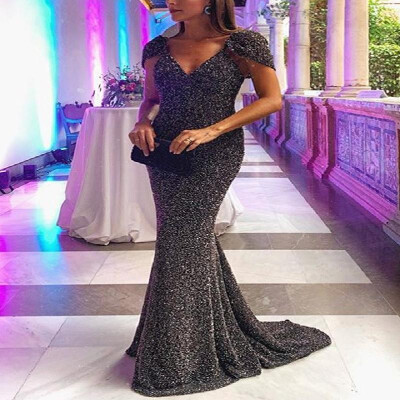 

Glitter Deep V-neck Tailing Solid Backless Fit Evening Dress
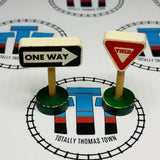 Yield & One Way Signs (Learning Curve 1993) RARE Wooden - Used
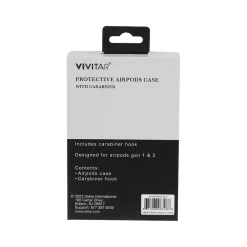 Case with Carabiner for AirPods, Black (V90022BLKSTK12)<Vivitar Discount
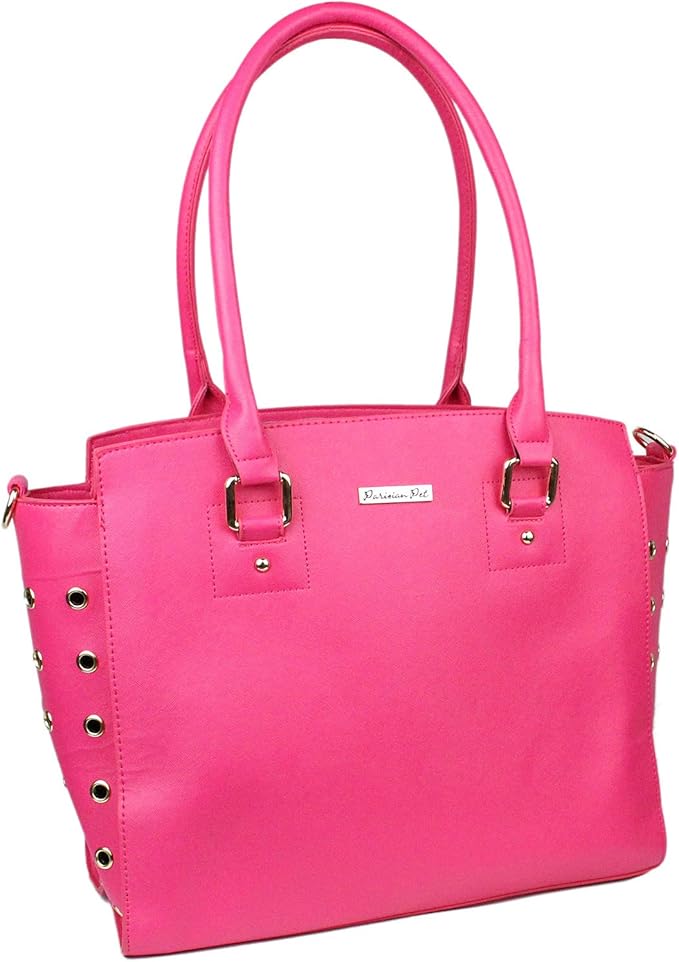 Parisian Pet Dog Purse – Hot Pink Breathable Pets Purse - Fashion Pet Carrier Purse - Leather Purse for Dog Carrying Small and Medium Dogs - Dog Purse Carrier - Adorable Puppy Carrier Handbag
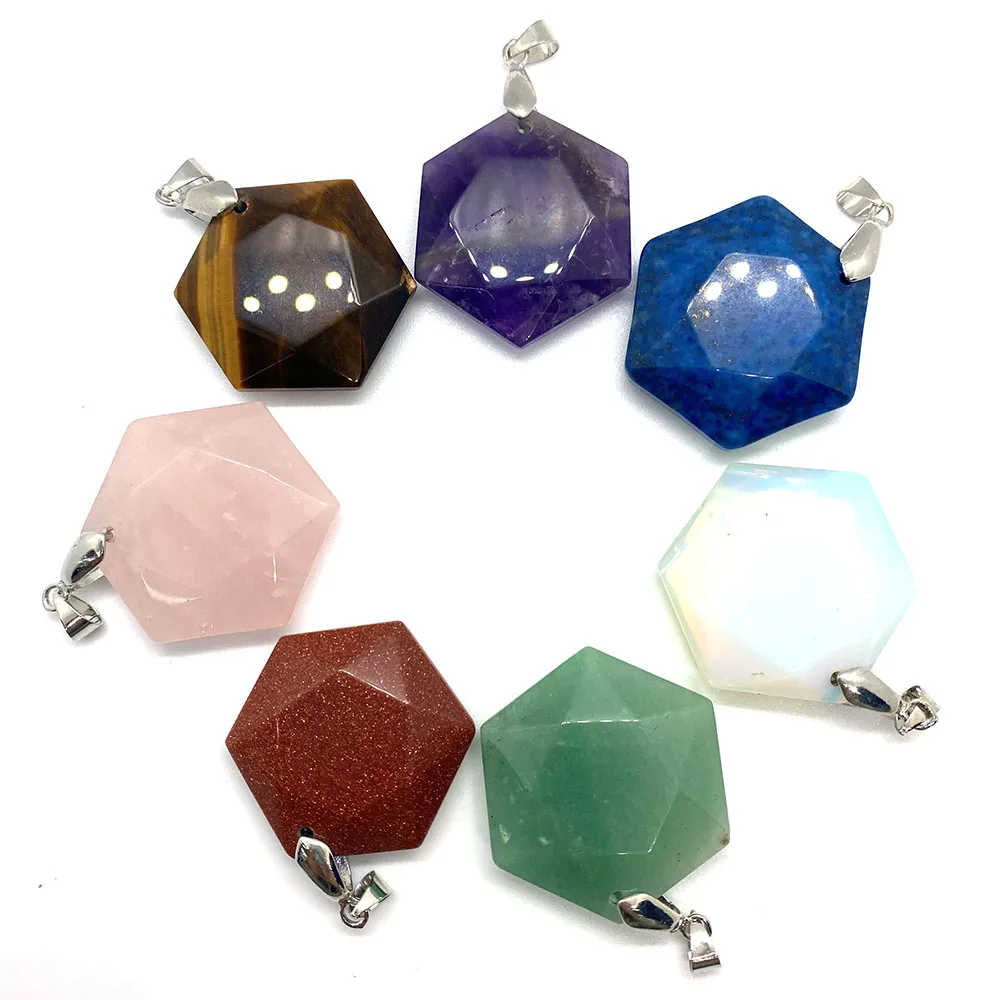 Wholesale Natural Stone Faceted Lapis Lazuli Tiger Eye Necklace Pendant31mm Hexagon Charm Jewelry DIY Necklace Earring Accessory
Wholesale Natural Stone Faceted Lapis Lazuli Tiger Eye Necklace Pendant31mm Hexagon Charm Jewelry DIY Necklace Earring Accessory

▬▬▬

## What you have to do
Starting at the line that contains "Parisian Pet Dog", restate every line through the end of the records exactly as written, but leave the pictures out.

## Result of this task
 Parisian Pet Dog Purse – Hot Pink Breathable Pets Purse - Fashion Pet Carrier Purse - Leather Purse for Dog Carrying Small and Medium Dogs - Dog Purse Carrier - Adorable Puppy Carrier Handbag
 Wholesale Natural Stone Faceted Lapis Lazuli Tiger Eye Necklace Pendant31mm Hexagon Charm Jewelry DIY Necklace Earring Accessory
Wholesale Natural Stone Faceted Lapis Lazuli Tiger Eye Necklace Pendant31mm Hexagon Charm Jewelry DIY Necklace Earring Accessory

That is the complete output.